(INPUT begins)
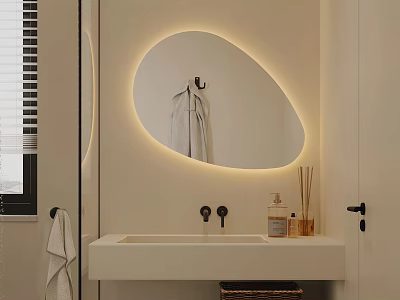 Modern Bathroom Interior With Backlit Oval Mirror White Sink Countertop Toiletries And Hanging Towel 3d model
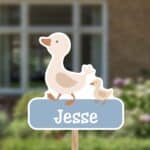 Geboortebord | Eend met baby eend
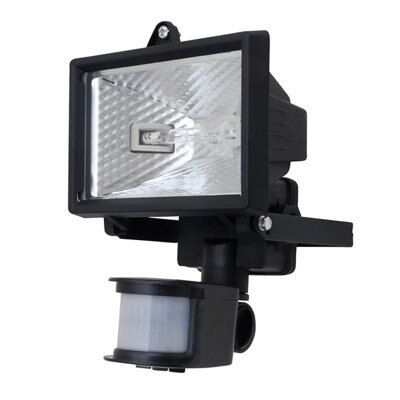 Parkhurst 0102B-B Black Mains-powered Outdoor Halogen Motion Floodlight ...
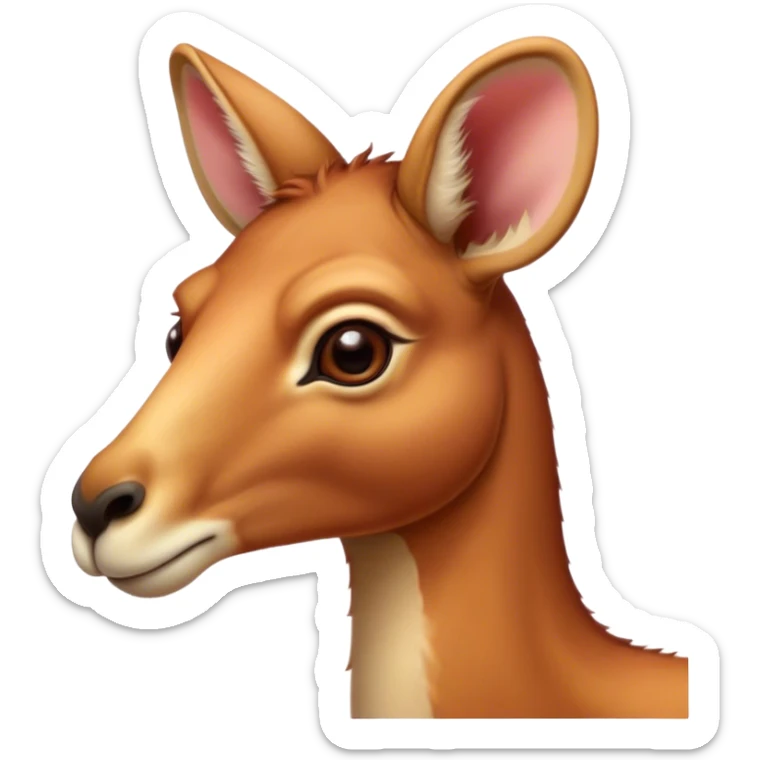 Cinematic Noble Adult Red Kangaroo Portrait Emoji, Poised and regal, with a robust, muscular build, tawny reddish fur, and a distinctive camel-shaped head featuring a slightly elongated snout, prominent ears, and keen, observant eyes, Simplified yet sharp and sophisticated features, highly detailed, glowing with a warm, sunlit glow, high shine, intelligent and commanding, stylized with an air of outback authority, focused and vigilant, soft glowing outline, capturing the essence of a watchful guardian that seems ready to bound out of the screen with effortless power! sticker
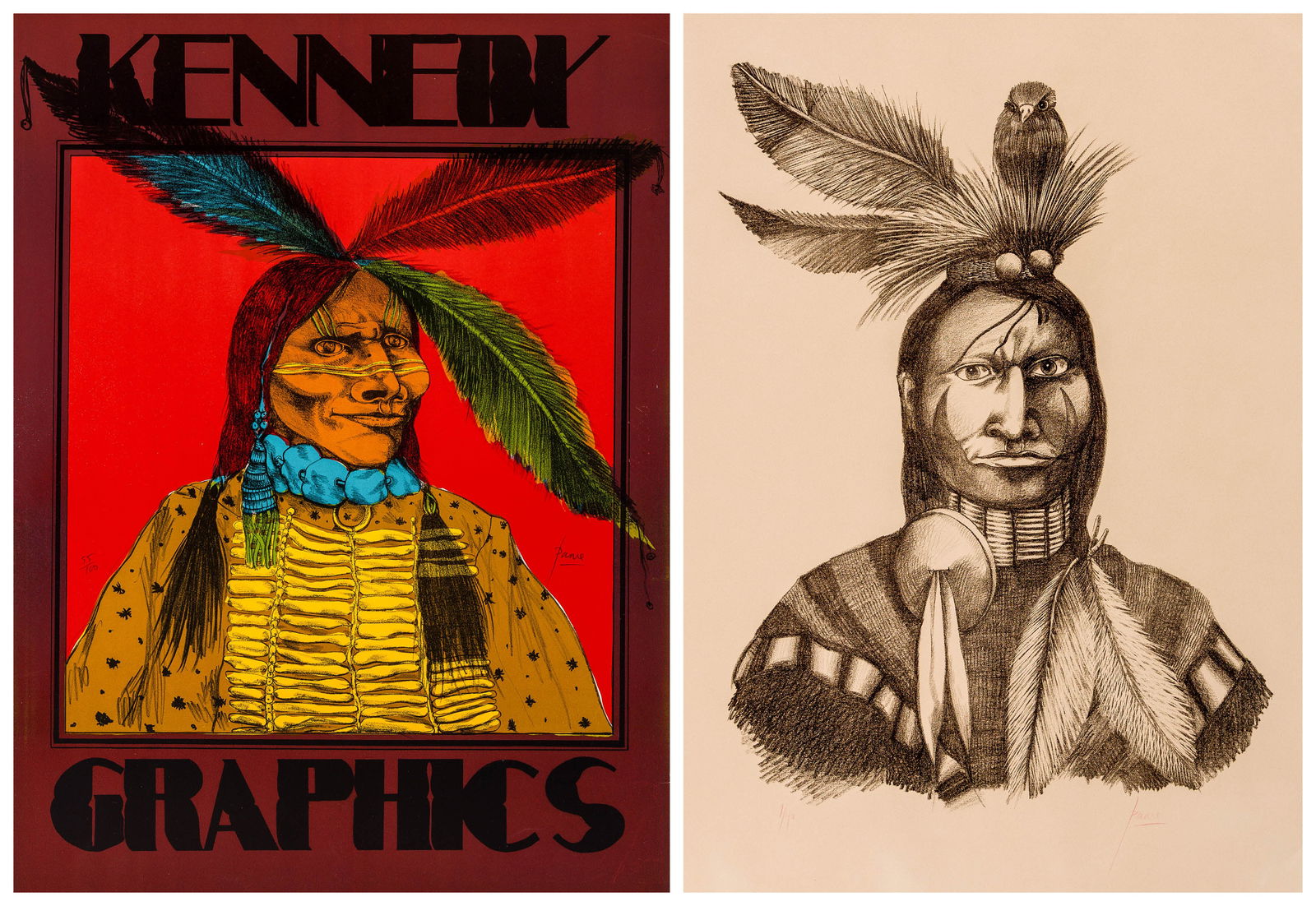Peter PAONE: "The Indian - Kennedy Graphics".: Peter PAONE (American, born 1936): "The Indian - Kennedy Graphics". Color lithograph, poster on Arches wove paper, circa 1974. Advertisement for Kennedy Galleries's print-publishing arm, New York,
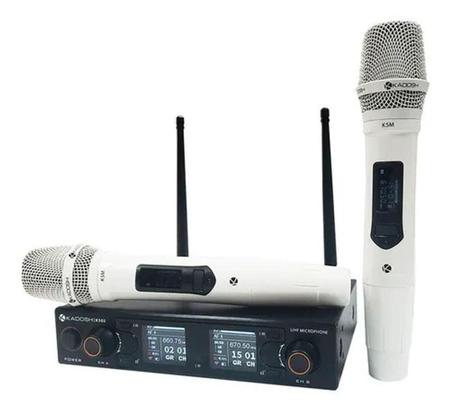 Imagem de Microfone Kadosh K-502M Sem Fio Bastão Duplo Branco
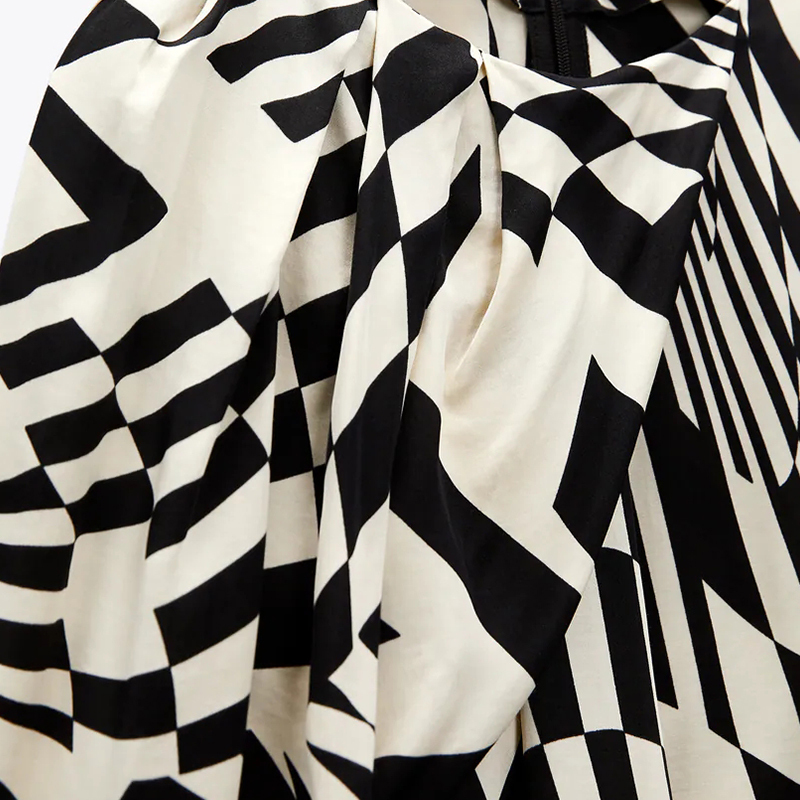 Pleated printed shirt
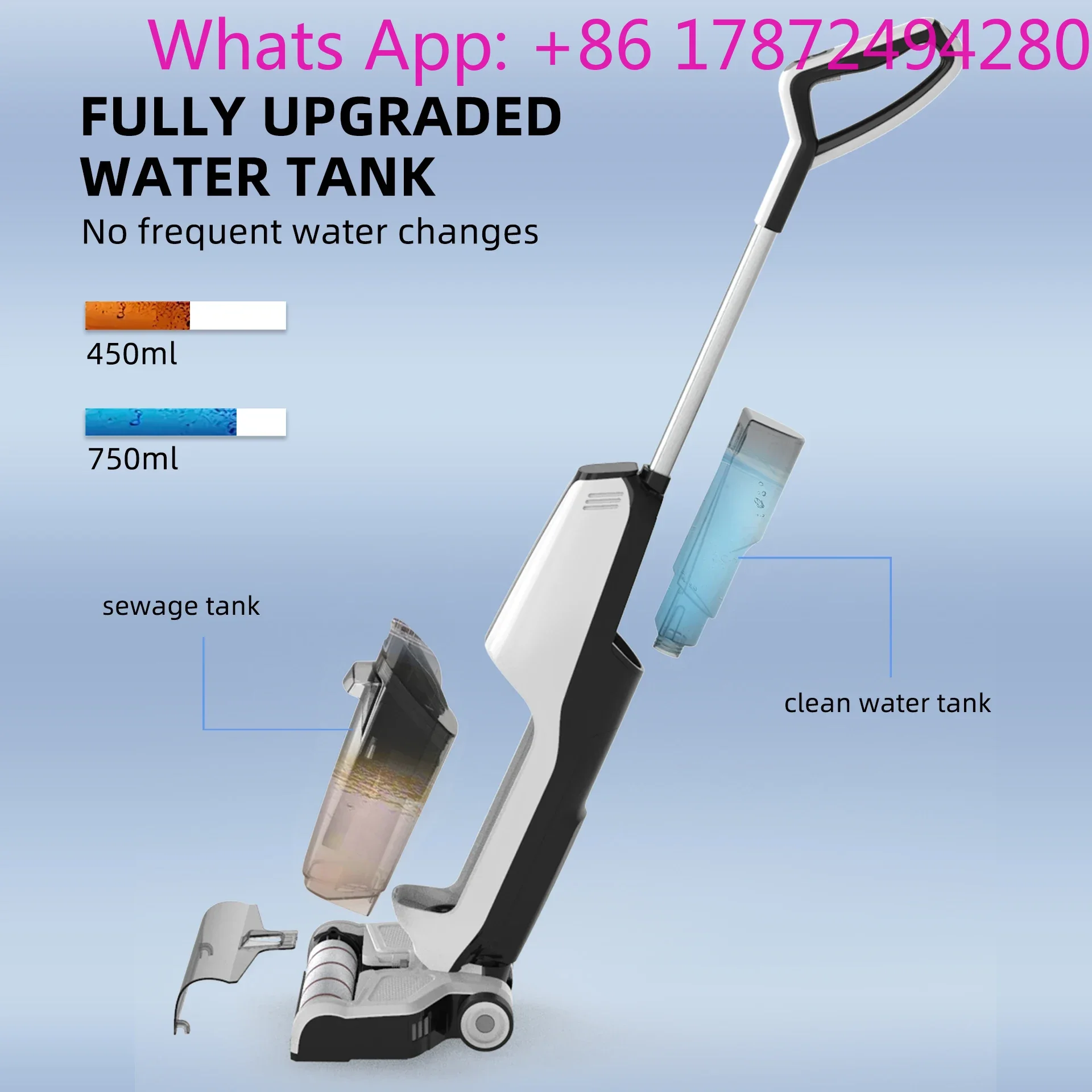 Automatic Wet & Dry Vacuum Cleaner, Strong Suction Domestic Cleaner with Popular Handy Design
(INPUT ends)
*INSTRUCTIONS FOR THE TASK*. To answer, repeat exactly the lines from the line containing "Cinematic Noble Adult" through the last line of the data above, leaving out all pictures.

*EXPECTED ANSWER*.
 Cinematic Noble Adult Red Kangaroo Portrait Emoji, Poised and regal, with a robust, muscular build, tawny reddish fur, and a distinctive camel-shaped head featuring a slightly elongated snout, prominent ears, and keen, observant eyes, Simplified yet sharp and sophisticated features, highly detailed, glowing with a warm, sunlit glow, high shine, intelligent and commanding, stylized with an air of outback authority, focused and vigilant, soft glowing outline, capturing the essence of a watchful guardian that seems ready to bound out of the screen with effortless power! sticker
Peter PAONE: "The Indian - Kennedy Graphics".: Peter PAONE (American, born 1936): "The Indian - Kennedy Graphics". Color lithograph, poster on Arches wove paper, circa 1974. Advertisement for Kennedy Galleries's print-publishing arm, New York,
 Imagem de Microfone Kadosh K-502M Sem Fio Bastão Duplo Branco
 Pleated printed shirt
 Automatic Wet & Dry Vacuum Cleaner, Strong Suction Domestic Cleaner with Popular Handy Design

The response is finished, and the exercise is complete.